Is Ptosis surgery an ‘aesthetic’ treatment or treatment for an actual medical condition?
Addressing concerns from those suffering from Ptosis, it is commonly thought that Ptosis is not a medical condition, and treatment for it are for ‘aesthetic’ and ‘vain’ reasons. This is definitely not true, as due to the reasons mentioned above, Ptosis can lead to other serious complications of the eye, such as Amblyopia, Astigmatism and Strabismus. Usually, these conditions acquired due to Ptosis worsen with time, so getting treatment for Ptosis as early as possible can help with having a good prognosis.
Having Ptosis can also lead to self-esteem issues, due to perceiving oneself as being ‘odd’ or ‘ugly’. Humans are social creatures, and we read each other not only through our words, but also our facial expressions and social cues. Having Ptosis can give others the impression that an individual is always ‘tired’, or ‘uninterested’. Thus, Ptosis surgery can greatly and positively affect one’s life.
Cost of Ptosis Surgery in Singapore
Since Ptosis is classified as a medical condition and treatment done for it is not considered an ‘aesthetic’ treatment but instead a medical treatment, Ptosis surgery and cost is covered by Medisave and is insurance claimable.
This is in contrast to ‘aesthetic’ treatments attributed to plastic surgery, thought to be done for ‘vain’ reasons. This means that a substantial part of the cost of Ptosis surgery could potentially be covered, leading to reduced cost. The subsidy is very significant, as ptosis surgery costs in Singapore can go down by more than 50% on an otherwise costly procedure. In most cases, you actually end up paying very little compared to the original cost.
Not all doctors will tell you this though, as I had a friend who called more than 4-5 clinics and did not get any mention of this until she got to see Dr Adrian Ooi – a proven name and they will give you more information on the claimable aspects of ptosis when you ask them.
Ptosis Treatment Options
Ptosis is often treated with surgery. Usually, excess skin is removed from the drooping eyelid(s), and minor adjustments to the levator muscle are made. In some severe cases, the strengthening of the levator muscle may be necessary.

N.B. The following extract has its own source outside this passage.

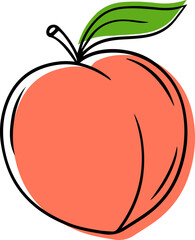 Illustration of a ripe peach in a contour style.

The surgery is usually performed under local anaesthesia. Local anaesthesia prevents you from feeling pain from the procedure temporarily by numbing the area of the incision. You will still be conscious during the procedure.
Before surgery, it is vital that you inform your doctor of any amedications you are taking, as there may be contraindications present with the mixing of the anaesthetic and the medicines you are taking.
What is Ptosis surgery success rate?
Surgeons also generally try to aim for perfect symmetry between the eyes, but may not be possible in all cases. However, moderately excellent to excellent results should be expected post-surgery.
In some cases, Ptosis surgery may be unable to perfectly correct all functions of the eye, especially in abnormal muscle cases. The eyelid may be unable to fully close when closing the eyes, present even during sleep. This is a consequence of a birth defect and not the fault or negligence of the surgeon.
Your surgeon will adequately discuss with you the pros and cons of the treatment prior to surgery, and inform you of what to expect, and of possible unintended consequences. Make you get an experienced doctor in Singapore for your ptosis surgery.